===== Raw data =====

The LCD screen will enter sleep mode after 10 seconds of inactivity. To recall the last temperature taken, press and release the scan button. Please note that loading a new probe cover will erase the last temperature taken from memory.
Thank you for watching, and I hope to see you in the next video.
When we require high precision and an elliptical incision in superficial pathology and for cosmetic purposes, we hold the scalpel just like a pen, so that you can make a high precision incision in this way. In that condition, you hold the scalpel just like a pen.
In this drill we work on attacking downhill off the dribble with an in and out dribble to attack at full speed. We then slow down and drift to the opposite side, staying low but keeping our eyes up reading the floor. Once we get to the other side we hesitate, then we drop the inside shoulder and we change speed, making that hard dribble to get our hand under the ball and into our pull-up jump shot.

=====

What is needed – Which lines of the listing contain the string "this"? Copy every one of them.

Result –
When we require high precision and an elliptical incision in superficial pathology and for cosmetic purposes, we hold the scalpel just like a pen, so that you can make a high precision incision in this way. In that condition, you hold the scalpel just like a pen.
In this drill we work on attacking downhill off the dribble with an in and out dribble to attack at full speed. We then slow down and drift to the opposite side, staying low but keeping our eyes up reading the floor. Once we get to the other side we hesitate, then we drop the inside shoulder and we change speed, making that hard dribble to get our hand under the ball and into our pull-up jump shot.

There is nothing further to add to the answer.